Assigned task: Restate exactly, and only, the lines from the one with "costruzione e struttura" through the end of the data, with both of those end lines kept. Drop any pictures.

START Provided records

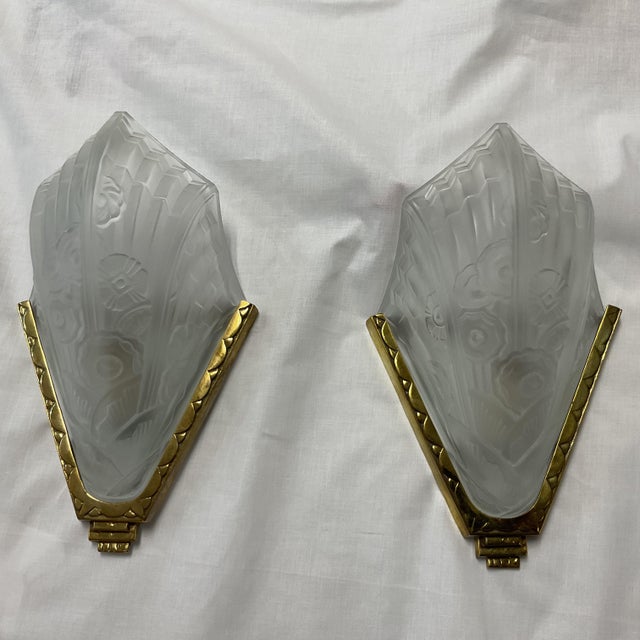 Elegant pair of decorative wall sconces featuring sculptural frosted glass shades set with gilt brass frames. Each molded...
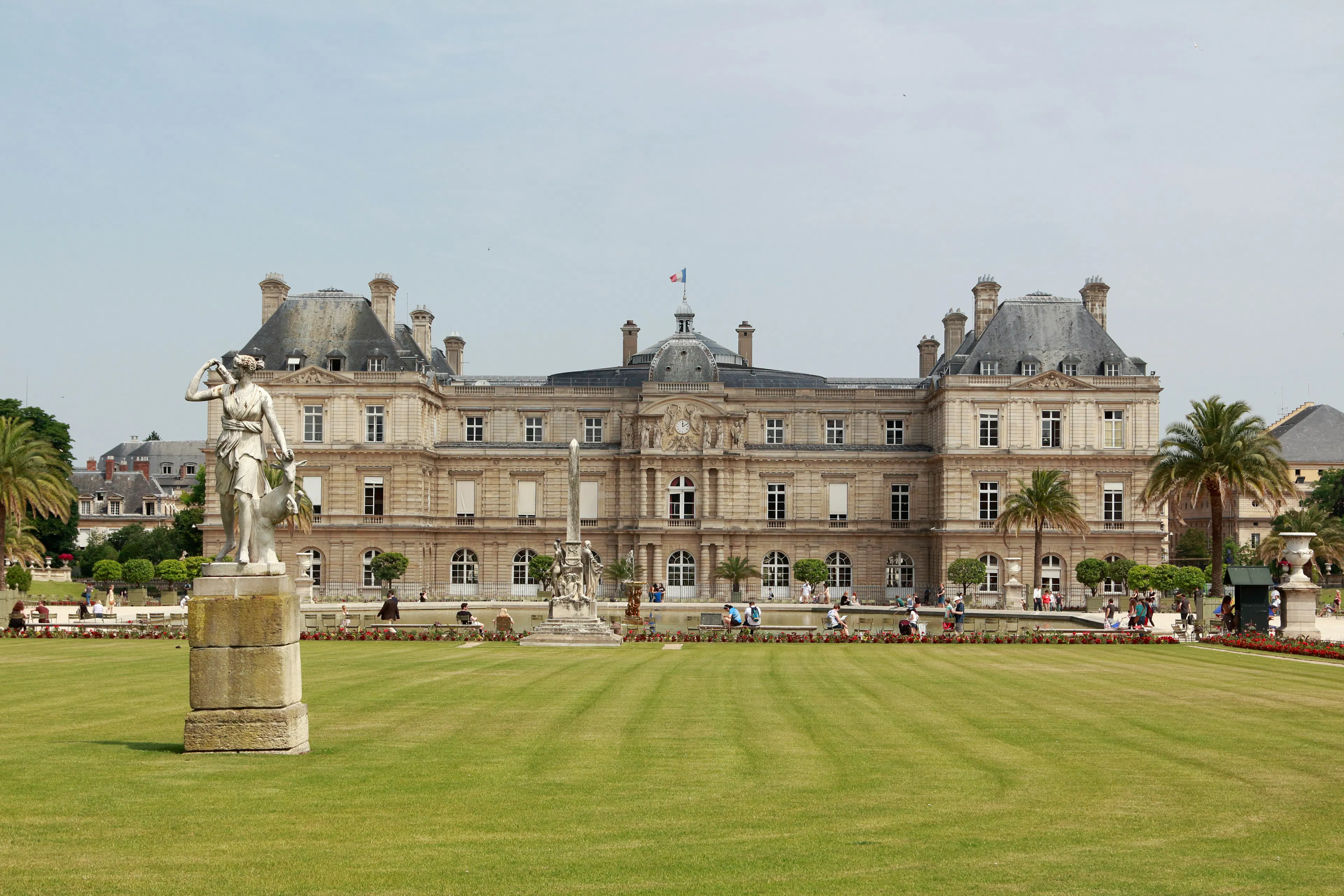 Historic palace in Luxembourg Gardens with statues, palm trees, lawns, and visitors in front.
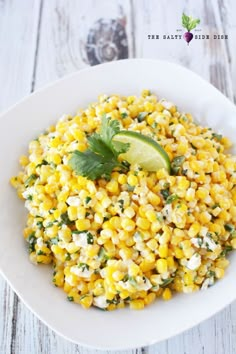 a white bowl filled with corn and cilantro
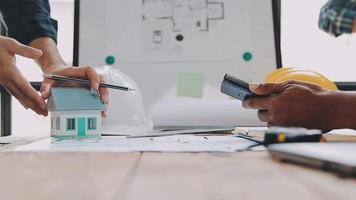 costruzione e struttura concetto di ingegnere Lavorando disegno su planimetria incontro per progetto Lavorando con compagno su modello edificio e ingegneria utensili nel Lavorando luogo, costruzione concetto video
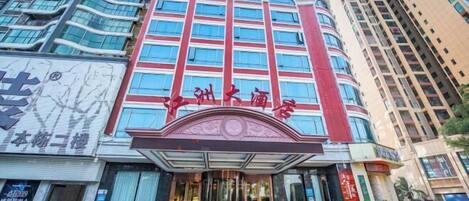 A hotel with a modern facade, featuring a prominent entrance with a curved overhang and large windows.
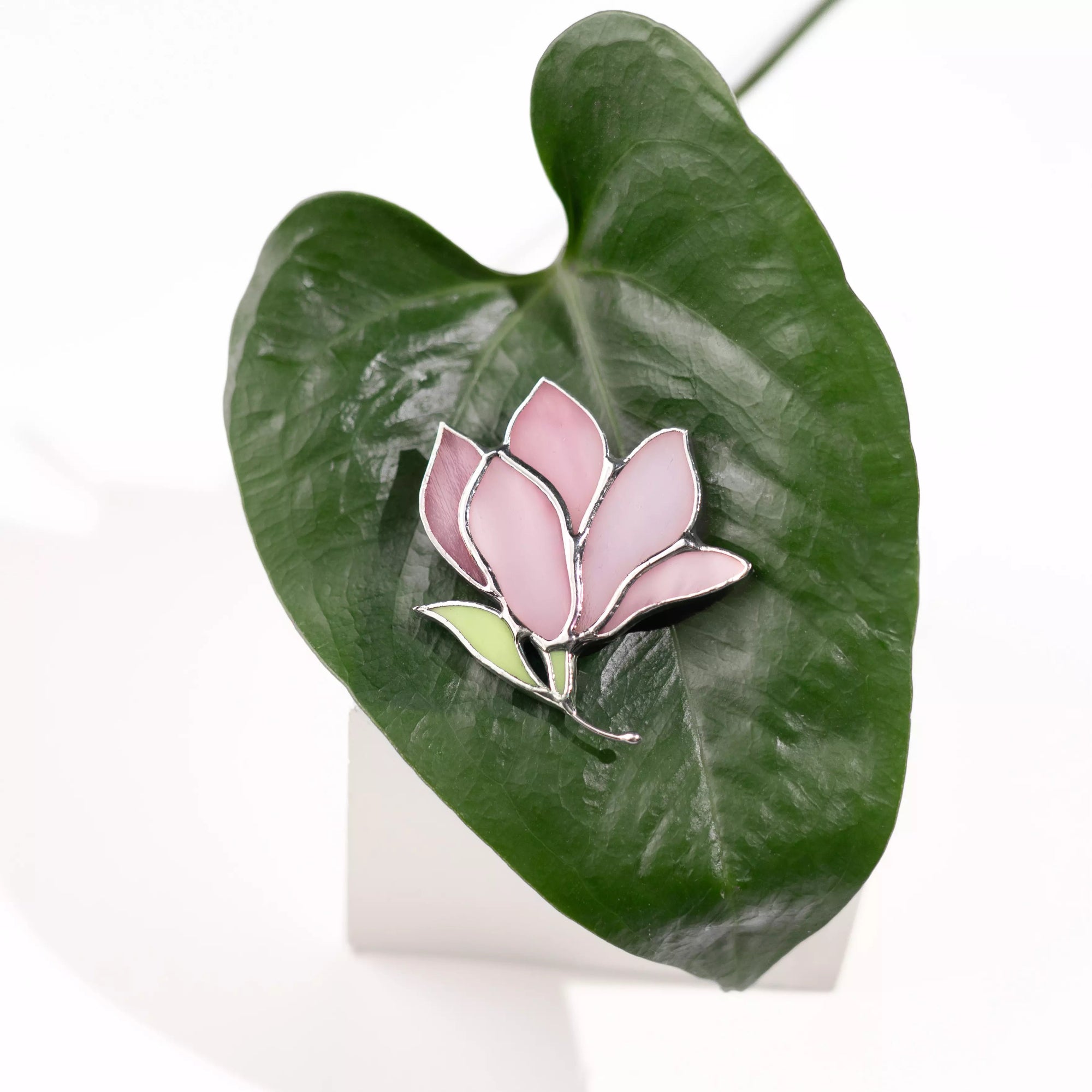 Magnolia stained glass brooch on a green leaf
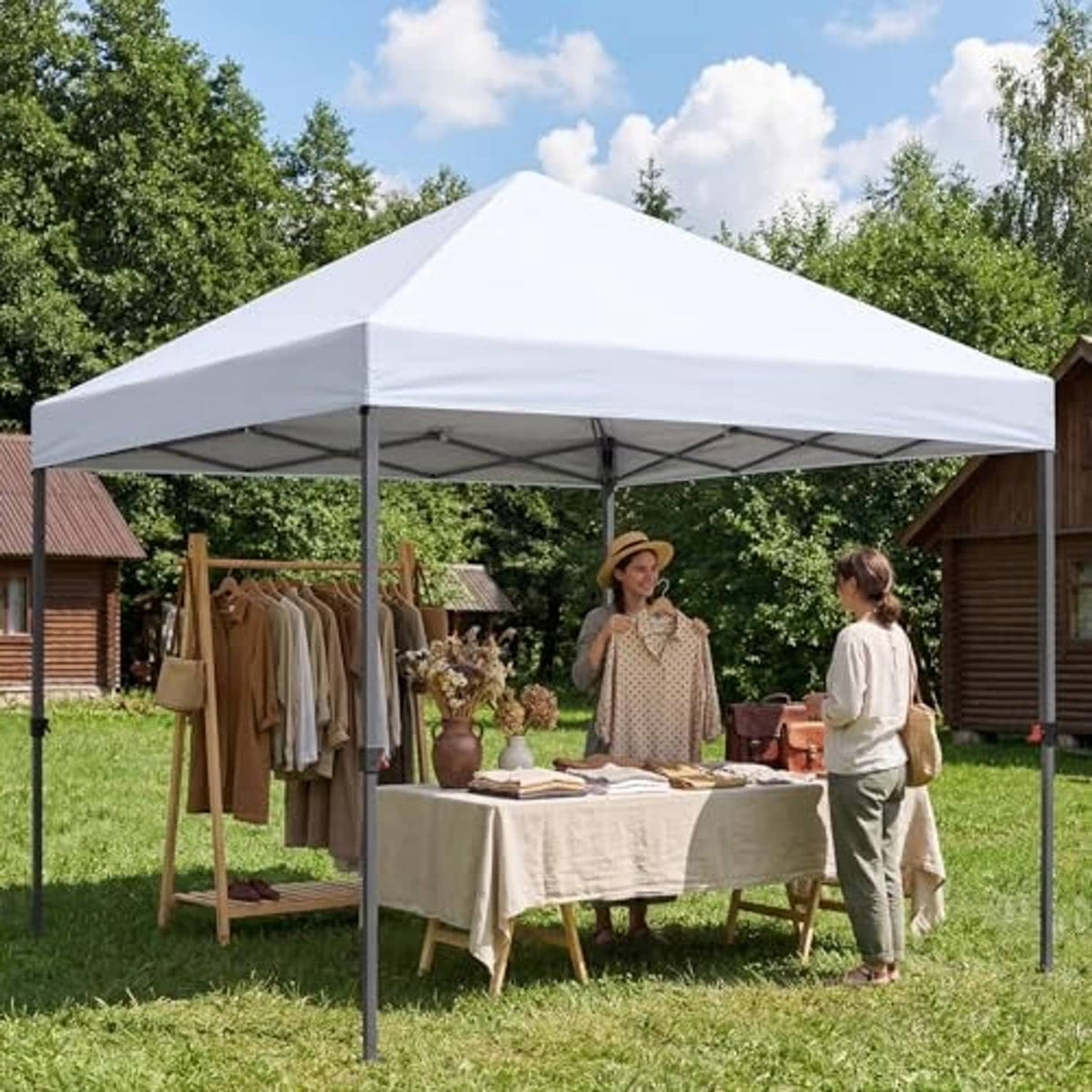 White pop-up canopy top on metal frame for outdoor events and markets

END Provided records

Output below:
 costruzione e struttura concetto di ingegnere Lavorando disegno su planimetria incontro per progetto Lavorando con compagno su modello edificio e ingegneria utensili nel Lavorando luogo, costruzione concetto video
 A hotel with a modern facade, featuring a prominent entrance with a curved overhang and large windows.
 Magnolia stained glass brooch on a green leaf
 White pop-up canopy top on metal frame for outdoor events and markets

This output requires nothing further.